The parable of the talents has always bothered me.
If you’re not familiar with it, in Luke 19 Jesus tells the story of a nobleman who goes on a trip and gives ten of his servants, by my math, almost $500,000 each and tells them to do business with it until he gets back.
One earns $5 million off the money entrusted to him. Another earns $2.5 million. A third stashes away his half-million and,when the nobleman returns, gives it back, intact and unharmed. The nobleman is furious and takes the half-million from the third man and gives it to the first.
This parable often makes me feel inadequate because I have always suspected I would be the guy who hides the cash. Maybe this is because I was always warned about not doing it, or, maybe because when I was growing up, some people accused me of squandering my opportunities and wasting my time and talents. People said I had talent and said I was wasting it, and that has remained a fear for me.
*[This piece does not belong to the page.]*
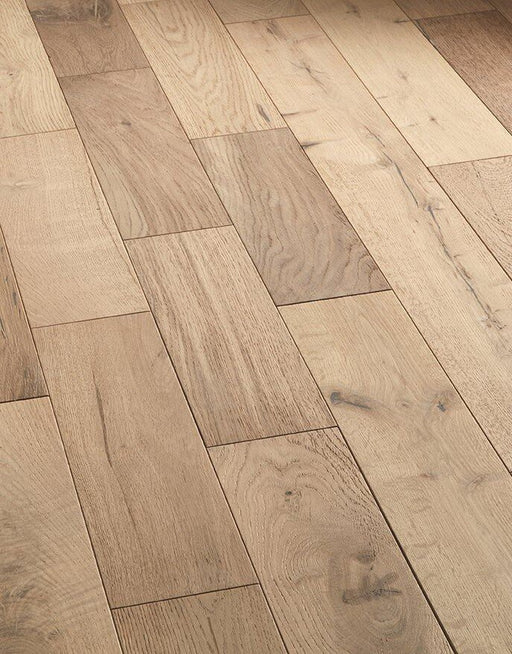 Studio Vanilla Oak Brushed & Oiled Engineered Wood Flooring £42.99/m² xccscss.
But when I read this passage a few months ago, I wondered whether the “talents” in this story are really our abilities, or whether they might just be our own sacred selves.
Some of us, for various reasons, feel the need to hide who we truly are. In neurodivergent communities, this is known as masking. In LGBTQ communities, it’s called being in the closet. Henri Nouwen writes about it in terms of the true and false self. The false self is who we pretend to be, who we think other people want us to be, but the true self is who we really are, who God made us.
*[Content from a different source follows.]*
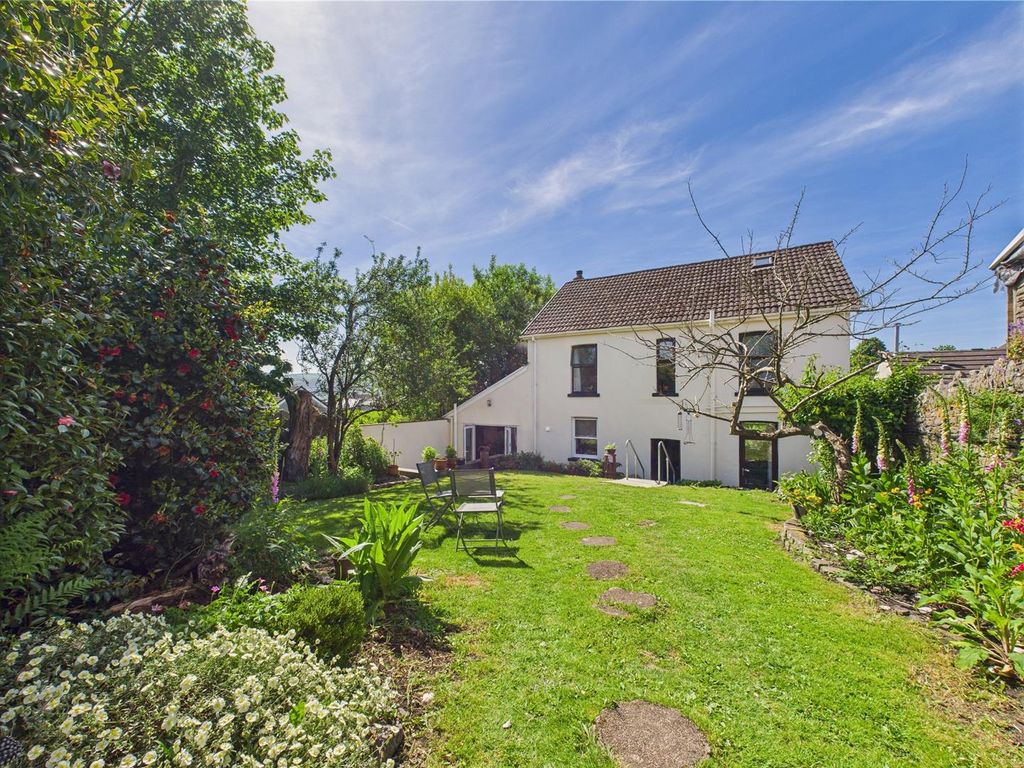 Property photo 1 of 19 Cam02295G0-Pr0209-Still020.Jpg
For some of us, there may be very real consequences for coming out, for showing our true selves, but I think this parable is a warning that there are also real consequences for hiding our true selves, as so many of us already know.
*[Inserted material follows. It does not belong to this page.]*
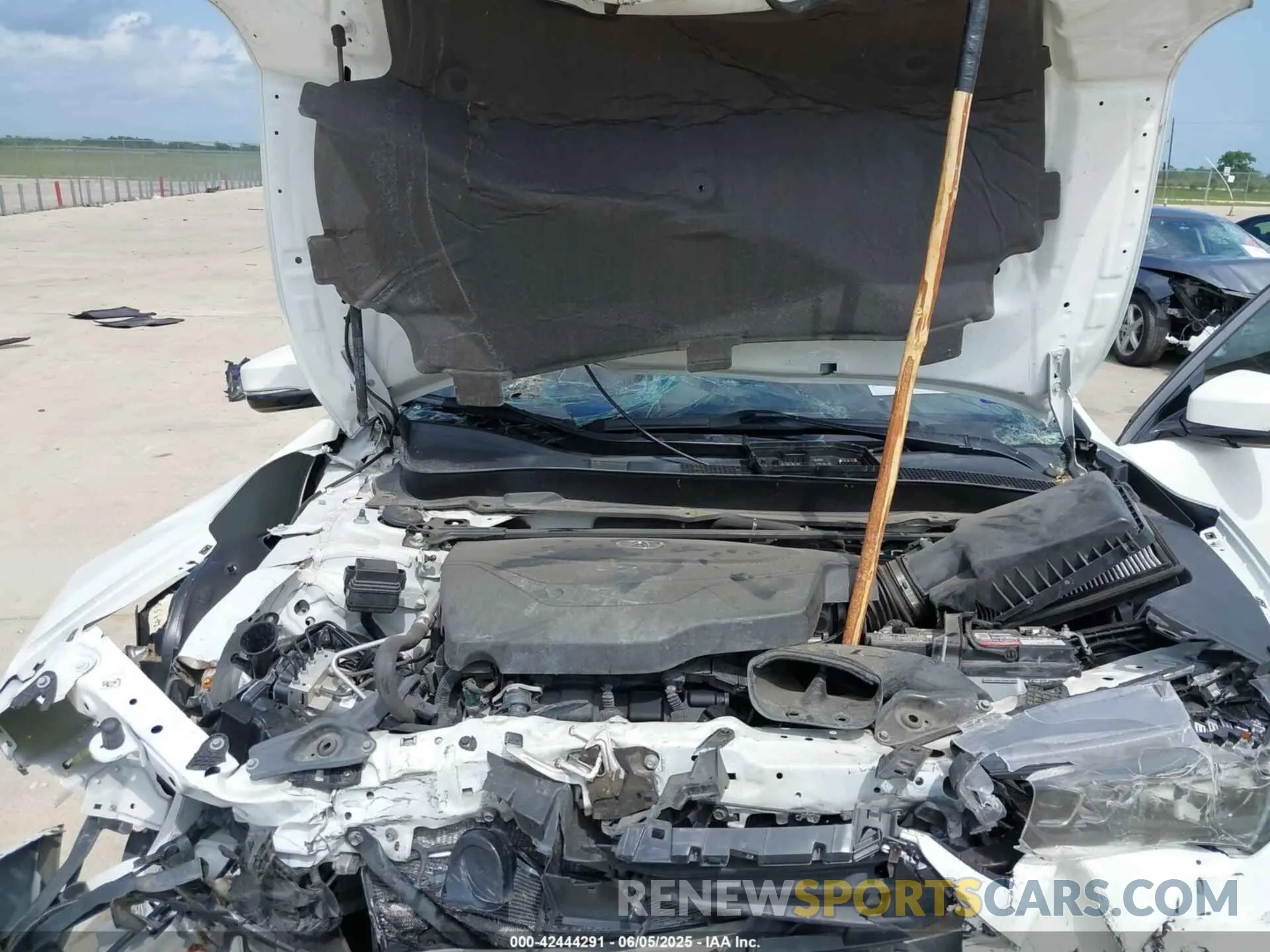 10 Photograph of a damaged car 19UUB2F62KA007114 ACURA TLX 2019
I wouldn’t read this parable as saying that masking, or being in the closet, or pretending to be someone you’re not to get people to like you, is wrong or means God will take away that unique part of you that is of inestimable value. When Jesus tells this story, he ends it with passive verbs, telling what will happen, how the world works, not necessarily what God will do. Many of us already know the enormous cost of pushing down and hiding parts of ourselves to be more palatable to others.
To be clear, our true self isn’t found in causing other people harm, and this isn’t an excuse to say, “Well, being unkind is being true to myself.” I don’t think that’s true. Being mean is a false self we put up to defend our true self. We can show our true emotions, but this isn’t an excuse to use those emotions as weapons to cause others harm.
With that caveat, “Be who you are and say what you feel. Those who mind don’t matter, and those who matter don’t mind.” (Unknown, widely incorrectly attributed to Dr. Seuss)
The world is not made better when you bury your gift by pretending to be someone you’re not long-term, and neither are you.